Moraes deve prorrogar prisão domiciliar de Bolsonaro após relatório médico
Documento enviado ao STF aponta piora em episódios de soluço, uso elevado de medicamentos e necessidade de novos exames
O ministro Alexandre de Moraes deve prorrogar a permanência de Jair Bolsonaro em prisão domiciliar após um relatório médico apontar piora no quadro de saúde do ex-presidente, segundo integrantes do Supremo Tribunal Federal (STF).
O documento enviado nesta semana pela equipe médica ao tribunal informa que os episódios de soluço de Bolsonaro se agravaram nos últimos dias. De acordo com o relatório, foi necessário administrar doses elevadas de medicamentos, no “limite terapêutico de segurança”.
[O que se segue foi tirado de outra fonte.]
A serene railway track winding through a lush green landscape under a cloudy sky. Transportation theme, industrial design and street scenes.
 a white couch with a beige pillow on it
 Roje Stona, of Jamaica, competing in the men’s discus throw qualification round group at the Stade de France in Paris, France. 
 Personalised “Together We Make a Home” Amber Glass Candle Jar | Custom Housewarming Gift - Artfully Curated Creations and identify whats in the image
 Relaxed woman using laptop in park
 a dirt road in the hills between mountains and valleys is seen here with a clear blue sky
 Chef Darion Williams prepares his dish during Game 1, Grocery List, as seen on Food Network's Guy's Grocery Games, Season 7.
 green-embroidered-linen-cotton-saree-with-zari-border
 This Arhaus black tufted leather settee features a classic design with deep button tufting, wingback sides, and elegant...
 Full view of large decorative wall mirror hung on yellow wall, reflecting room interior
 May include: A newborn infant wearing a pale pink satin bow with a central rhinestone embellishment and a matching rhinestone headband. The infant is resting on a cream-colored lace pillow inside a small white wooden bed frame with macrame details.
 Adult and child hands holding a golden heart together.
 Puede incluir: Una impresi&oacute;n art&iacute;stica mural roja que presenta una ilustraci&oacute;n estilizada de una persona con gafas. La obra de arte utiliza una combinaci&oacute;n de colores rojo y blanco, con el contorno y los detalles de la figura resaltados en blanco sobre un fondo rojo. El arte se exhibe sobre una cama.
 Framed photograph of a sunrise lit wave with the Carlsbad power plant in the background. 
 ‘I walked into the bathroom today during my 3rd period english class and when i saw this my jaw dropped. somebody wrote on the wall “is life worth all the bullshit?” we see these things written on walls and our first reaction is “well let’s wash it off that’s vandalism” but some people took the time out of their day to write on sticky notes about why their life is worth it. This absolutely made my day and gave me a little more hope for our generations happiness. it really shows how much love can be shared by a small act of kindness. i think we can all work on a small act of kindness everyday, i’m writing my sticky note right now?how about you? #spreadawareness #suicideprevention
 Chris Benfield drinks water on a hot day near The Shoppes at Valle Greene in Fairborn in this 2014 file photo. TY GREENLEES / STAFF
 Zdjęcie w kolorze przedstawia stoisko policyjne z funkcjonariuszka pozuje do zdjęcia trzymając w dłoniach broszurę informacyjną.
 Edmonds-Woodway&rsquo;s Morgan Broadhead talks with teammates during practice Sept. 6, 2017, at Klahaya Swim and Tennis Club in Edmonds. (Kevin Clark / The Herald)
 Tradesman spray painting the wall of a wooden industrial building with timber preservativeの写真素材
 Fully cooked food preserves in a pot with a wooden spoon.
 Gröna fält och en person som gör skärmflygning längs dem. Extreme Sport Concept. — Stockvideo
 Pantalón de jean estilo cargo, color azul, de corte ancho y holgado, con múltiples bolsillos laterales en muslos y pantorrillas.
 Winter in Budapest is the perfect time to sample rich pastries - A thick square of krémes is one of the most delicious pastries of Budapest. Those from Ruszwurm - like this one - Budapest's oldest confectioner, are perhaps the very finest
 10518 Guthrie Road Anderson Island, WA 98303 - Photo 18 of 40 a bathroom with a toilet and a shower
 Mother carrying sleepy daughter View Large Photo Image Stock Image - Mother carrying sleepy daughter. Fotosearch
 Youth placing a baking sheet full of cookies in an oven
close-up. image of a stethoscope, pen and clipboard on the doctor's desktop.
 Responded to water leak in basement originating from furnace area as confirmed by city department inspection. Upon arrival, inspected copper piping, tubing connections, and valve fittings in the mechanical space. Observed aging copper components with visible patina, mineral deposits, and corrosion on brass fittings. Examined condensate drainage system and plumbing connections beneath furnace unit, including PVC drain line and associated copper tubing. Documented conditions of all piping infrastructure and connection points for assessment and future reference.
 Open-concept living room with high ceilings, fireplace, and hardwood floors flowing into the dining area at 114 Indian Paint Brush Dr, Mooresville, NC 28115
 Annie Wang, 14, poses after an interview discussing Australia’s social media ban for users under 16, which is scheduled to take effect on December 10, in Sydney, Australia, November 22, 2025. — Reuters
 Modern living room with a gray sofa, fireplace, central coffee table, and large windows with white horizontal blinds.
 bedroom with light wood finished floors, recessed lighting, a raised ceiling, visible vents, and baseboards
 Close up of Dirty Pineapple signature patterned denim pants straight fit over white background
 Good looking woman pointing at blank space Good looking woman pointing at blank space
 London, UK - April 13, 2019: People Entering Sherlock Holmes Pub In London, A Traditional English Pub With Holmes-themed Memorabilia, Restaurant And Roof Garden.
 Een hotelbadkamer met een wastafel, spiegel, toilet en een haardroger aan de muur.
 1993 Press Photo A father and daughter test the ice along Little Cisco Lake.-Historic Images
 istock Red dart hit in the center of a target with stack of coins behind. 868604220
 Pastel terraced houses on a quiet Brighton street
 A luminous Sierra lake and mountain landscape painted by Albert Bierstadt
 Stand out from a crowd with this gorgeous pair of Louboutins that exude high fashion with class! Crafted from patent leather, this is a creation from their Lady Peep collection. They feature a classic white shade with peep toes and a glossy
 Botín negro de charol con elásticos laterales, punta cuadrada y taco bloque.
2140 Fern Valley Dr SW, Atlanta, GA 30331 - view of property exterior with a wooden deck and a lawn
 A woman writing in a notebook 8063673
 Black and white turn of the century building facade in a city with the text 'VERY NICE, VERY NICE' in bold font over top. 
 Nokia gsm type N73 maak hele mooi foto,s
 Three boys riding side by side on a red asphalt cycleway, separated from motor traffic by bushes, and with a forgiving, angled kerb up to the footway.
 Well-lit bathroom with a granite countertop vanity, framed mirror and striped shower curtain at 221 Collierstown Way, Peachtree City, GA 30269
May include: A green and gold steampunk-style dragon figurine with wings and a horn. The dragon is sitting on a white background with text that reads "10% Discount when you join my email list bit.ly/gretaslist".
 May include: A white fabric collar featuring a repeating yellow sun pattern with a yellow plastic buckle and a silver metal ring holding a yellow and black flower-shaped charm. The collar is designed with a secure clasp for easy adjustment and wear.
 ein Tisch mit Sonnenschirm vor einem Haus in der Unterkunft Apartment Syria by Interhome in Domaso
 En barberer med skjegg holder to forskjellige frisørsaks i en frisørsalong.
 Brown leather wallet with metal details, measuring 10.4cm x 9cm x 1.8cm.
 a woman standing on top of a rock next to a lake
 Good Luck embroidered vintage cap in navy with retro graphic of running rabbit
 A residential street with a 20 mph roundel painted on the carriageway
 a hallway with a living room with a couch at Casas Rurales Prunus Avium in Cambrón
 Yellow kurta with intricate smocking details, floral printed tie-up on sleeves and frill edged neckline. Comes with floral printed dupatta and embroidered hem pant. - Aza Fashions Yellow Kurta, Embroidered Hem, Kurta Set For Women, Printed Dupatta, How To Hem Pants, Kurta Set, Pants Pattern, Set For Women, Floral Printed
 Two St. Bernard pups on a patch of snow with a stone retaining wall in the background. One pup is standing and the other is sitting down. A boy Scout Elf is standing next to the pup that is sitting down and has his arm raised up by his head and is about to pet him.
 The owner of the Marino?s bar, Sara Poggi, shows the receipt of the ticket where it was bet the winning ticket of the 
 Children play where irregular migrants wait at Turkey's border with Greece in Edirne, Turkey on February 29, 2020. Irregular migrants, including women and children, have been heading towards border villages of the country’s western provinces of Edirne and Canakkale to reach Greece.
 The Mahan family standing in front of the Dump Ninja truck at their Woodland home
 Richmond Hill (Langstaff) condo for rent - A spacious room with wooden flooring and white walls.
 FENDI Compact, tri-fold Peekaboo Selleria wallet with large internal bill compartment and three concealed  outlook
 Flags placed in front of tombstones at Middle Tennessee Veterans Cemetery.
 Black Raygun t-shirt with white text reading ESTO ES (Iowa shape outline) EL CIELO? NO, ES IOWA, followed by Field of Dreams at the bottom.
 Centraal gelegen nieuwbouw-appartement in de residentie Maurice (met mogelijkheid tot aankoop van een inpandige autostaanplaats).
Bolsonaro foi condenado pelo STF a 27 anos e três meses de prisão por tentativa de golpe de Estado. No fim de março, ele recebeu autorização para permanecer em prisão domiciliar humanitária monitorada pelo prazo de 90 dias, em razão da gravidade de seu estado de saúde.
À época, o ex-presidente foi internado com broncopneumonia. Em maio, passou por uma cirurgia no ombro direito. Agora, a tendência é que Alexandre de Moraes, relator do processo, renove o período de permanência de Bolsonaro em casa.
Segundo o relatório médico, o ex-presidente deve realizar uma série de exames, entre eles uma endoscopia digestiva, para investigar a função do esfíncter esofágico inferior e avaliar a presença de esofagite crônica.
O boletim também registra que Bolsonaro continua relatando cansaço e fadiga ao realizar esforços médios, além de oscilações no equilíbrio corporal.